[Records contained in a dataset]
——
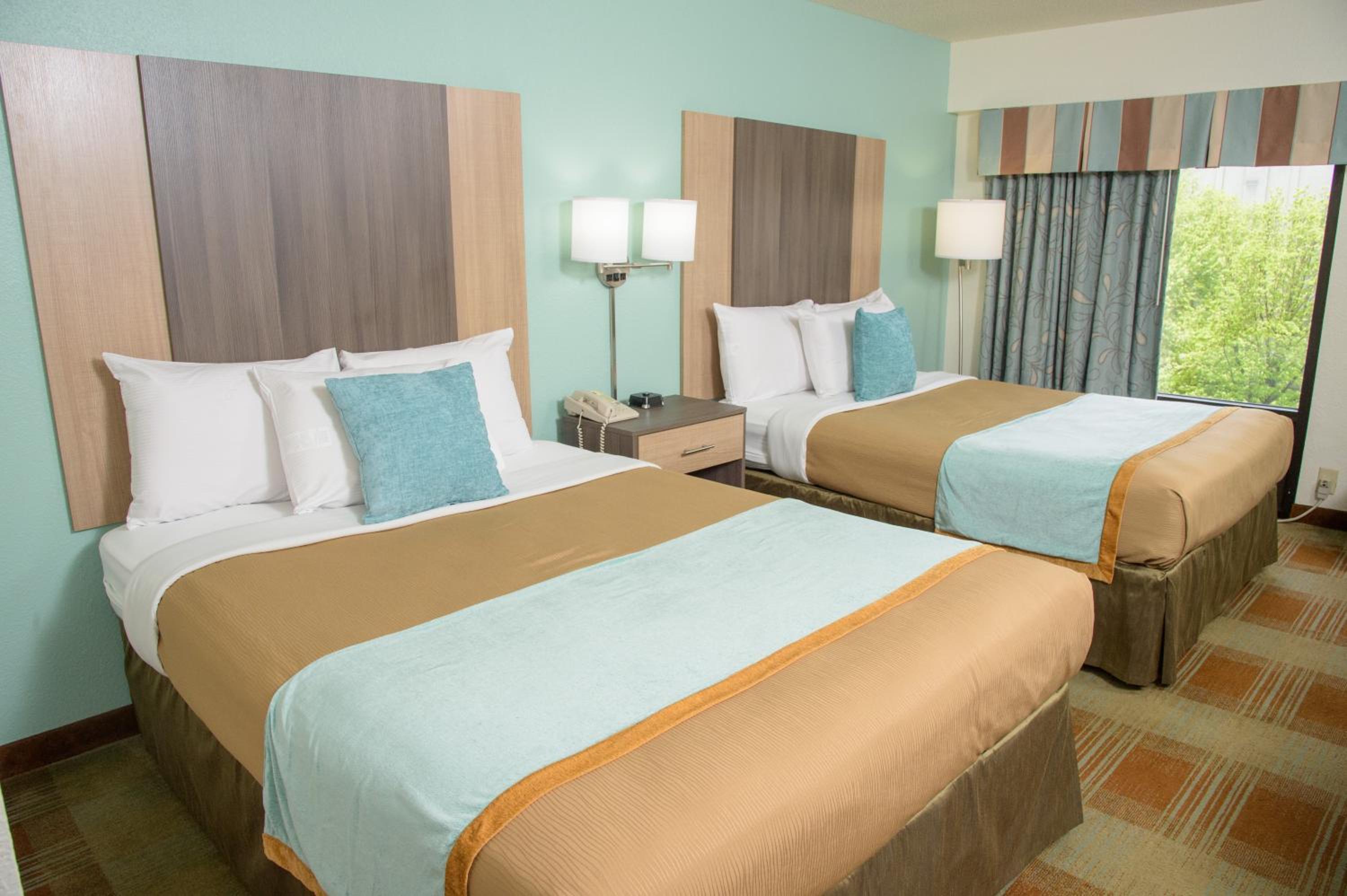 Queen Room with Two Queen Beds photo 1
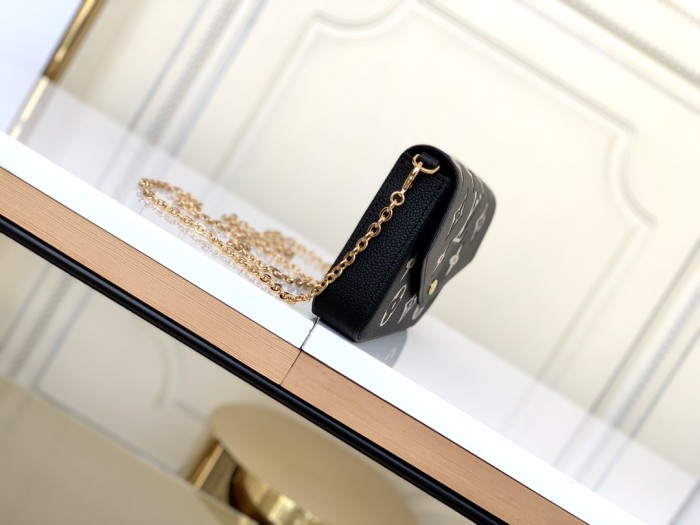 Handbag Louis Vuitton M69977 size 21.0 x 12.0 x 3.0 cm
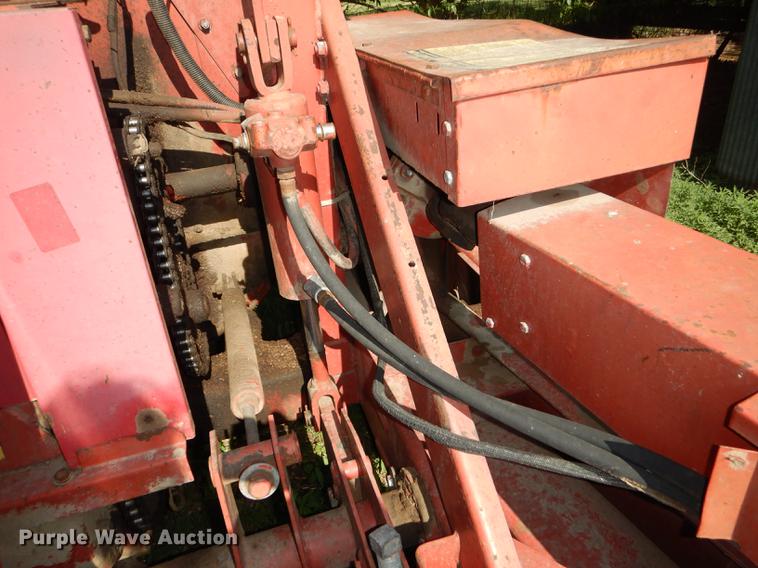 image for item DE1737 Gehl CB1060 forage harvester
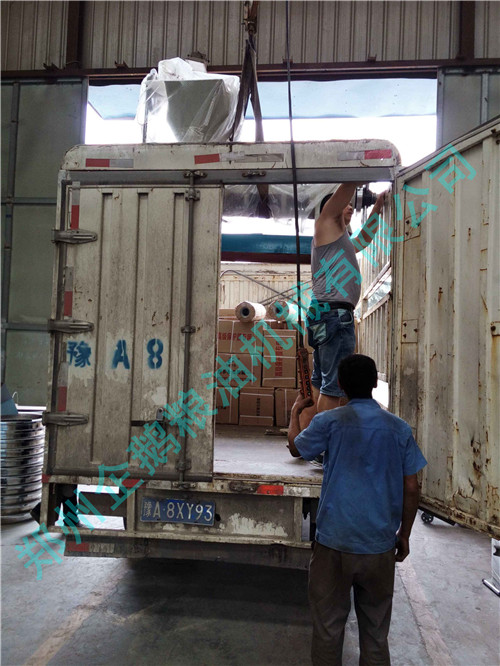 四川萬源客戶小型榨油機(jī)設(shè)備發(fā)貨現(xiàn)場(圖1)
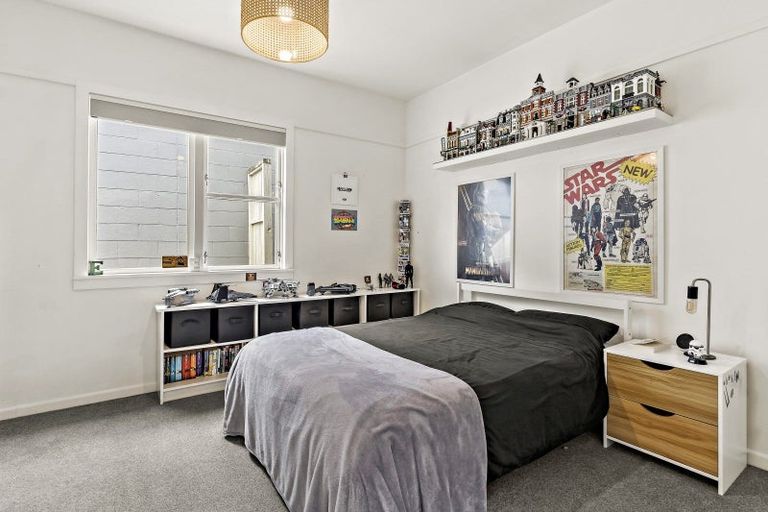 Photo of property in 223 Muritai Road, Eastbourne, Lower Hutt, 5013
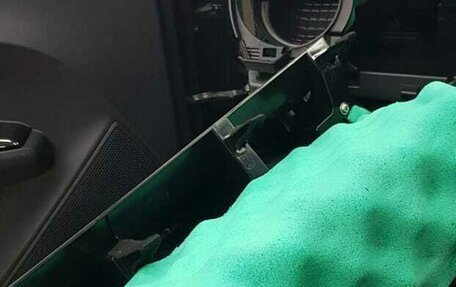 Toyota Corolla, 2018 год, 2 000 000 рублей, 33 фотография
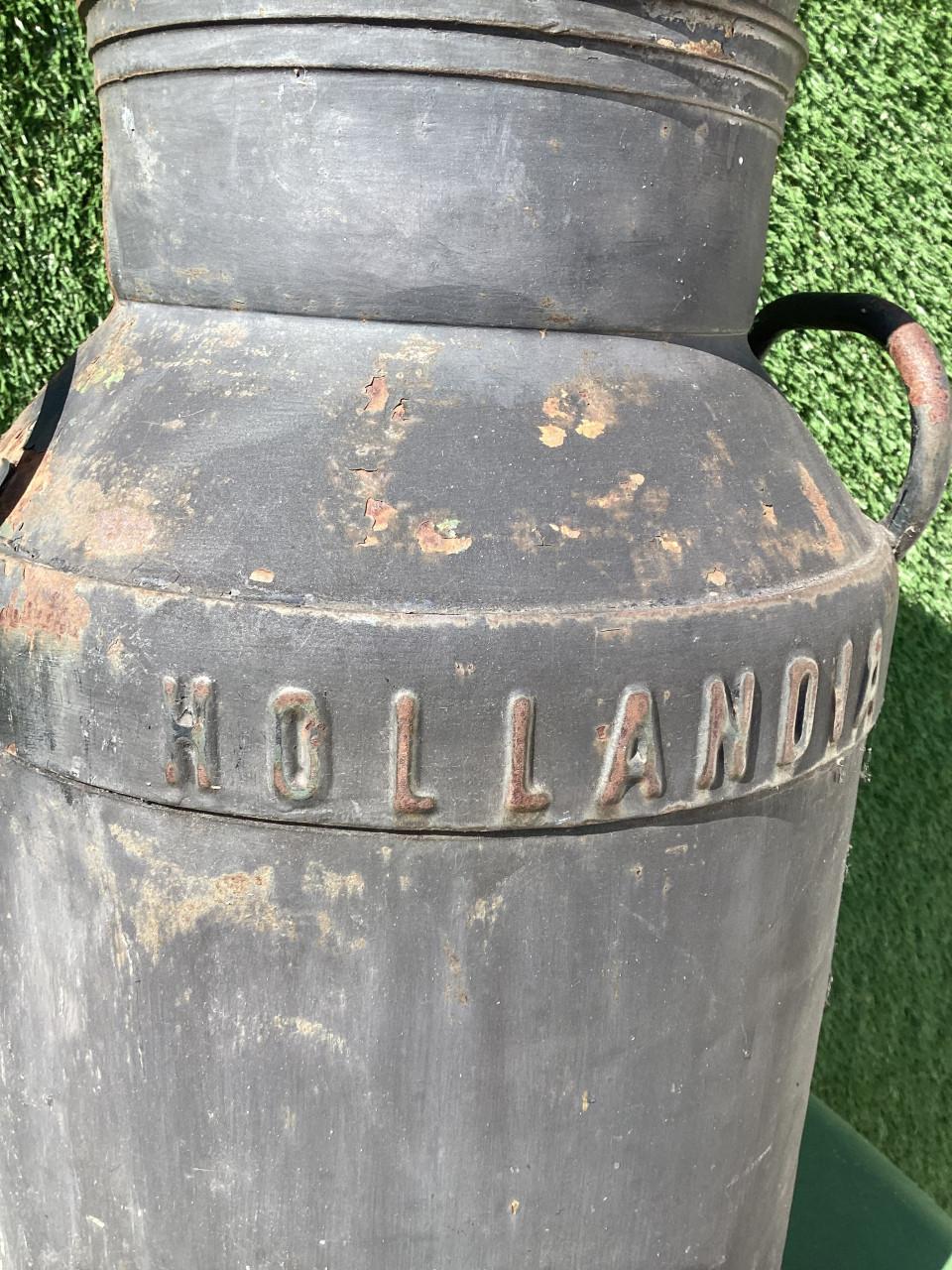 Melkbus Hollandia Goes, van de oude melkfabriek
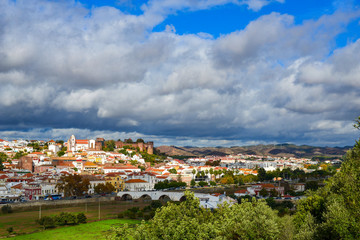 Fototapeta na wymiar Panoramaansicht Silves, Algarve/Portugal
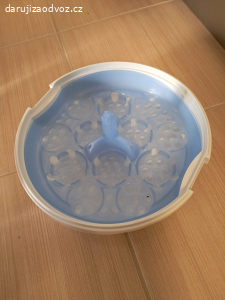 Sterilizator a 2 kojenecke lahvicky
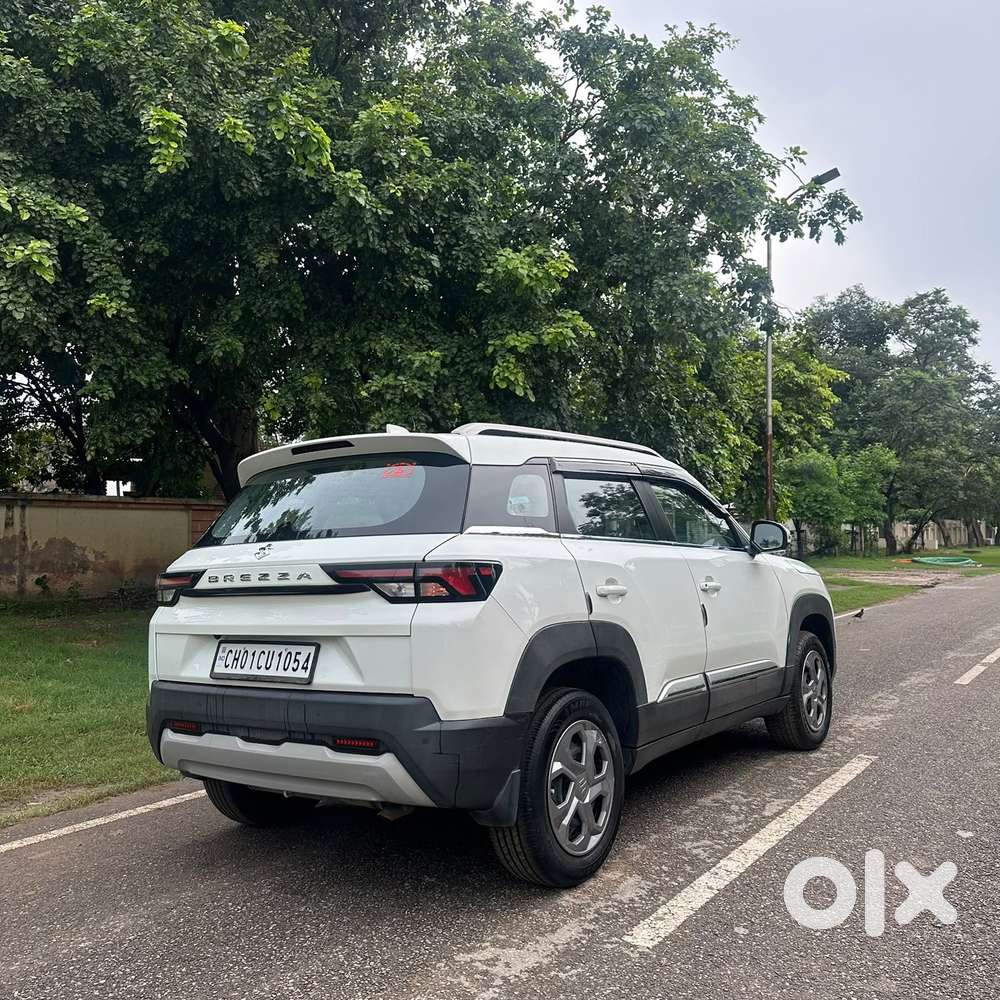 Maruti Suzuki Brezza 1.5 Vxi Smart Hybrid, 2024, Petrol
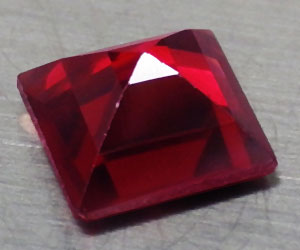 Piedra preciosa de granate piropo natural cuadrado brillante de 1,15 quilates de 6 mm - 2
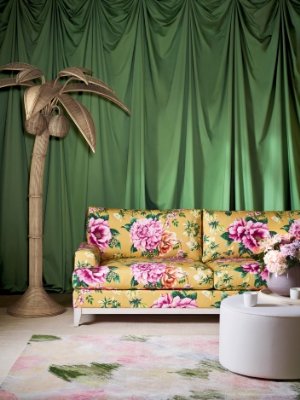 Viewing Alba by Manuel Canovas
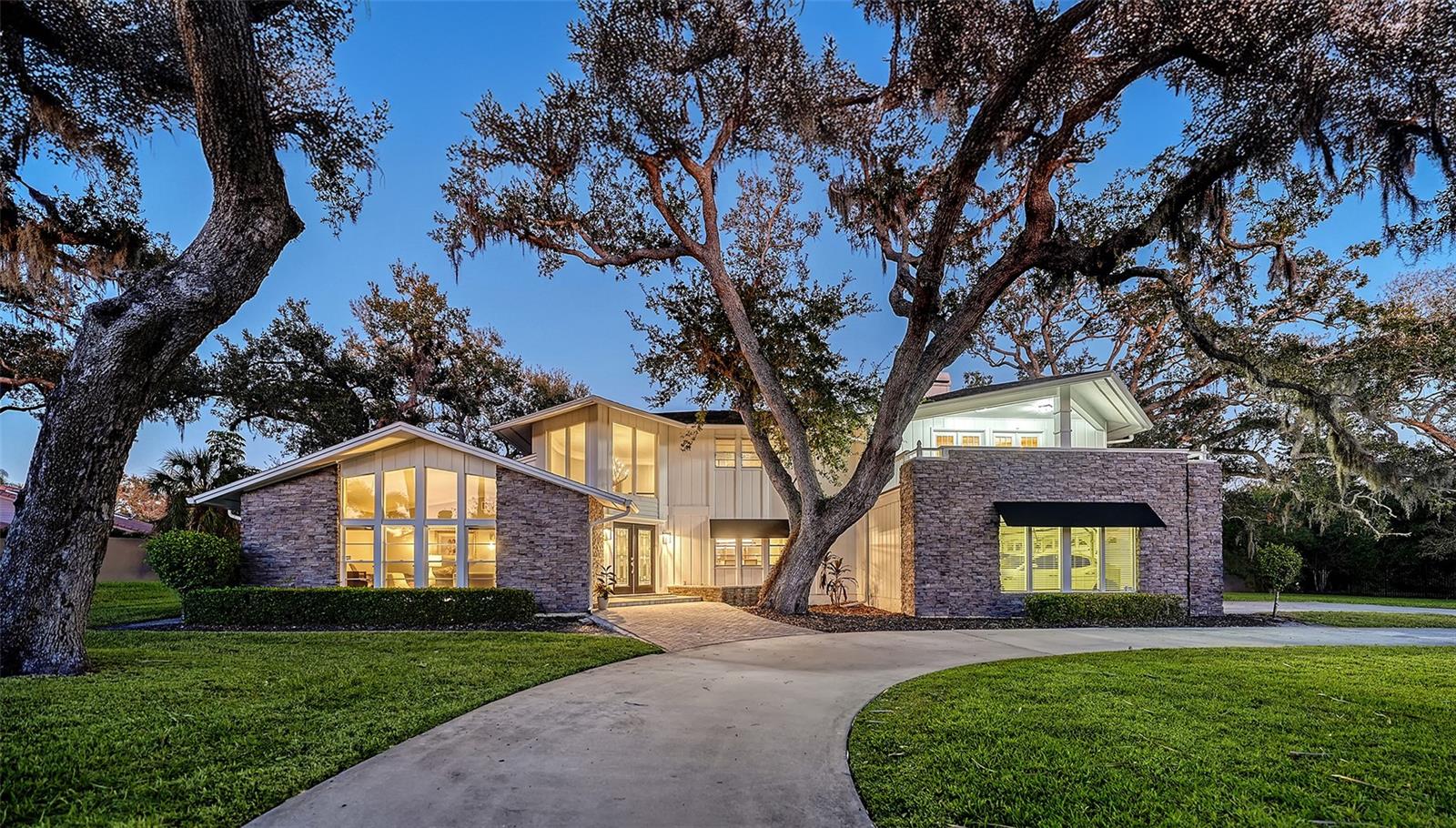 3783 Beneva Oaks Blvd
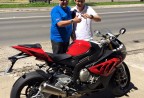 CLIENTE RECEBENDO SUA MOTO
——
Please keep every line of the data the same when you reproduce it, and keep every picture out.

 Queen Room with Two Queen Beds photo 1
 Handbag Louis Vuitton M69977 size 21.0 x 12.0 x 3.0 cm
 image for item DE1737 Gehl CB1060 forage harvester
 四川萬源客戶小型榨油機(jī)設(shè)備發(fā)貨現(xiàn)場(圖1)
 Photo of property in 223 Muritai Road, Eastbourne, Lower Hutt, 5013
 Toyota Corolla, 2018 год, 2 000 000 рублей, 33 фотография
 Melkbus Hollandia Goes, van de oude melkfabriek
 Fototapeta na wymiar Panoramaansicht Silves, Algarve/Portugal
 Sterilizator a 2 kojenecke lahvicky
 Maruti Suzuki Brezza 1.5 Vxi Smart Hybrid, 2024, Petrol
 Piedra preciosa de granate piropo natural cuadrado brillante de 1,15 quilates de 6 mm - 2
 Viewing Alba by Manuel Canovas
 3783 Beneva Oaks Blvd
 CLIENTE RECEBENDO SUA MOTO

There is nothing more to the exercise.